A group working to change the perception of pitbulls held a show recently at the Jefferson City Jaycees Fairgrounds. File photo by THE CANADIAN PRESS

Dog show aims to dispel pit bulls’ stigma

  • Wed Sep 6th, 2017 2:04pm
  • Life

JEFFERSON CITY, Mo. — When most people think of a pit bull dog, the images are not usually pleasant.

A group working to change the perception of the dogs held a show recently at the Jefferson City Jaycees Fairgrounds.

The Mid-Missouri American Pit Bull Terrier Club hosted owners and their dogs in from several states, as well as Canada.

“There is a general misconception that most people get in the media that these are attack dogs,” club President Brian Willibrand said. “What most people think of are large dogs, but the dogs we show are around 35-50 pounds. That’s what they’re supposed to look like.”

This is the club’s sixth year doing the show, and Willibrand hopes they can keep holding it around Labor Day.

“Last year, we weren’t on Labor Day and only had 68 registered. But this year, we’re going to end up with around 160 for the two days,” he said. “When we did it on Labor Day weekend in 2015, we had 137 so that seems to work best. We’re only a few years old, and the only way we can keep doing the show is by getting a big turnout. The only way we make money is through the registration fees, and it’s expensive to run. So if we break even, we’re pretty happy. I think, though, we’ve shown we can bring in some economic revenue for Jefferson City with the people we’ve brought in for these shows.”

The dogs shown range in age from puppies to five years, and children and adults both show the dogs. Just like the dogs coming from out of state, this year’s judges came from North Carolina and Texas, as well as Kansas City.

“Basically, what they are looking for in the junior classes is ‘if I could take a dog home today which would I choose,’ ” Willibrand said. “It doesn’t need to necessarily be a pretty dog.”

Willibrand said they teach kids how to handle and control their dogs when they show them. Sometimes if they’re really small they require a parent to be with them.

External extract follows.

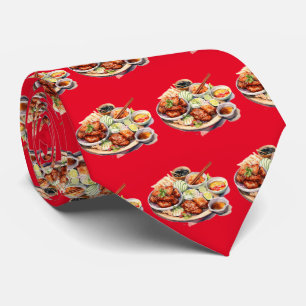 Cool tiled Asian food Tie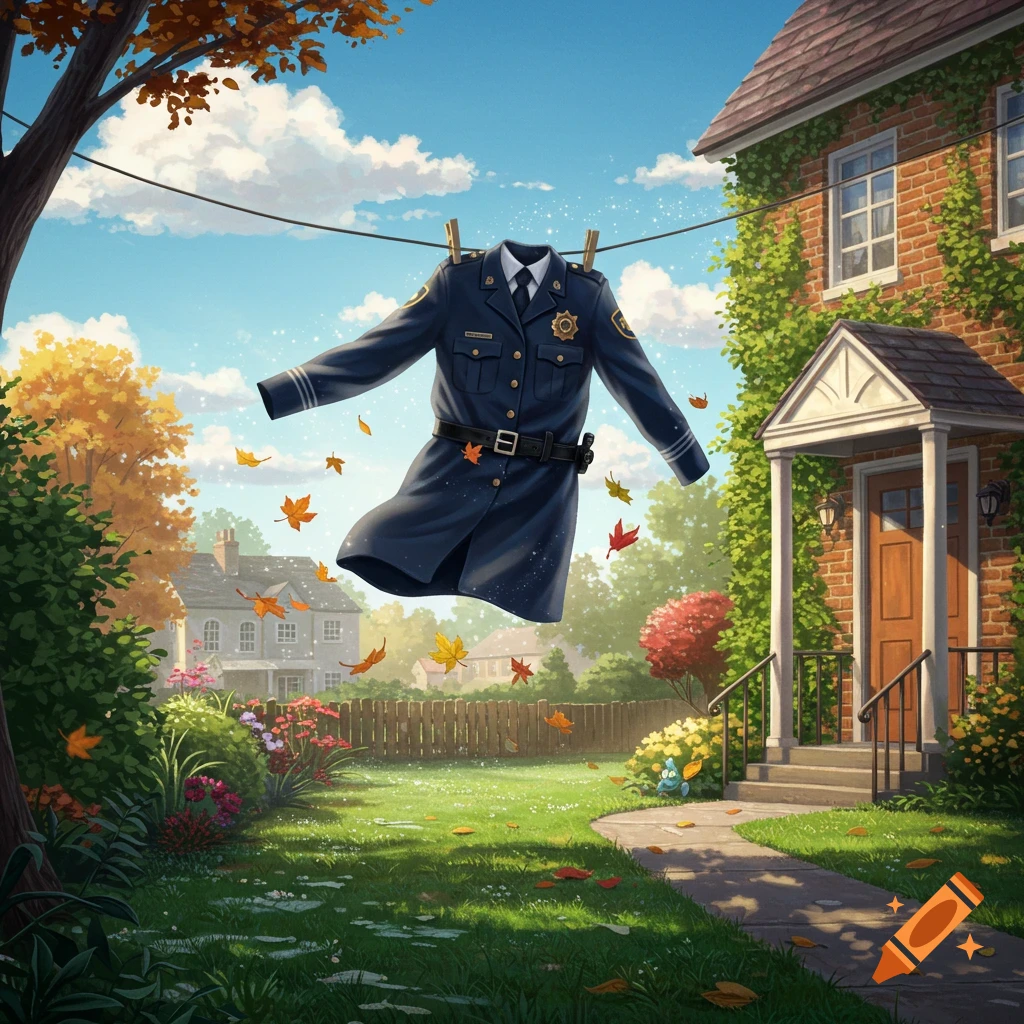 A police uniform hangs on a clothesline, floating above a green lawn with fallen autumn leaves, in front of a brick house under a blue sky.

“When we get into the professional class, the judges are looking for how the body looks,” he said. “Points are assigned to the neck, body, etc. There’s a lot of different things they take into account — are the toes nice and tight, is the tail all right. So much goes into it. I thought of becoming a judge, but there’s so much involved to be qualified.”

Willibrand said terrier owners feel the dogs are part of their families and hope shows like this one can take away the breed’s stigma.

“The only side most people see about pit bulls is the bad and not the good like you see here,” he said. “We just want to get out with our dogs and show what a loving breed they are.”